March 1, 2010 | By | 3 Replies More

Click on this link to see a beautiful photo of the Earth by the Goddard Space Flight Center. What is stunning to me is the thin-ness of the Earth’s precious atmosphere.  Click on the image for  a much-enlarged version.


How was this photo taken?

This spectacular “blue marble” image is the most detailed true-color image of the entire Earth to date. Using a collection of satellite-based observations, scientists and visualizers stitched together months of observations of the land surface, oceans, sea ice, and clouds into a seamless, true-color mosaic of every square kilometer (.386 square mile) of our planet. These images are freely available to educators, scientists, museums, and the public. This record includes preview images and links to full resolution versions up to 21,600 pixels across.

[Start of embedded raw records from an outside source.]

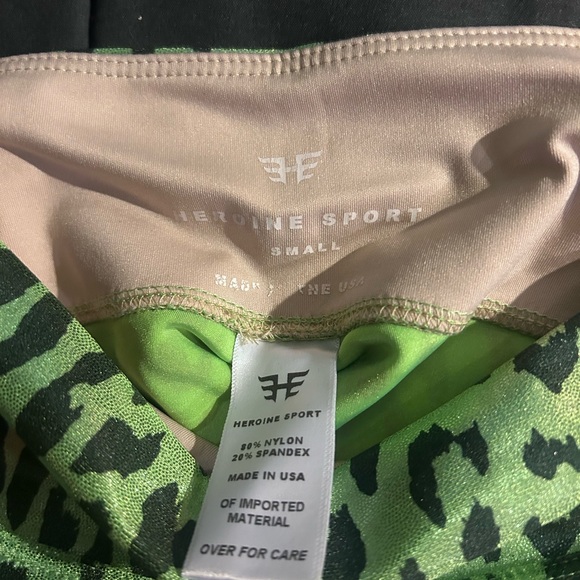 Heroine Sport Green Leopard Print Glitter Leggings size Small - Picture 2 of 3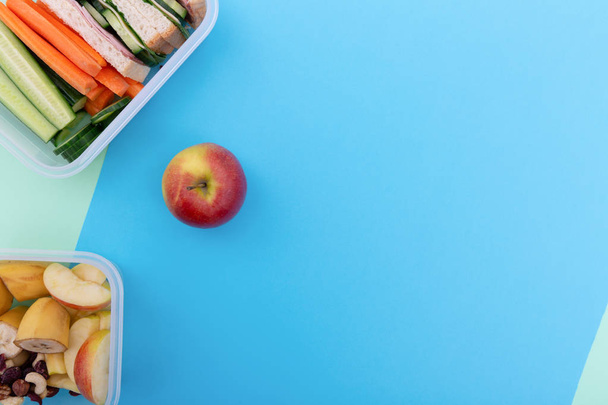 Gesund essen ein Sandwich in der Lunchbox - Foto, Bild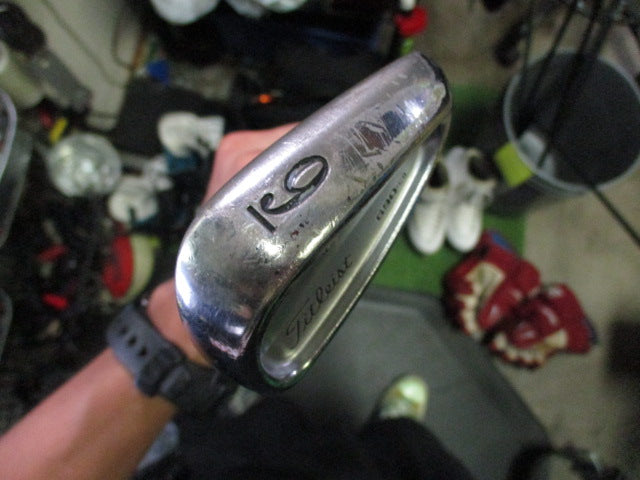 Load image into Gallery viewer, Used Titleist 690.CB Forged Right Hand 9 Iron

Much of the information contained in this image came from a single remote-sensing device-NASA’s Moderate Resolution Imaging Spectroradiometer, or MODIS. Flying over 700 km above the Earth onboard the Terra satellite, MODIS provides an integrated tool for observing a variety of terrestrial, oceanic, and atmospheric features of the Earth. The land and coastal ocean portions of these images are based on surface observations collected from June through September 2001 and combined, or composited, every eight days to compensate for clouds that might block the sensor’s view of the surface on any single day. Two different types of ocean data were used in these images: shallow water true color data, and global ocean color (or chlorophyll) data.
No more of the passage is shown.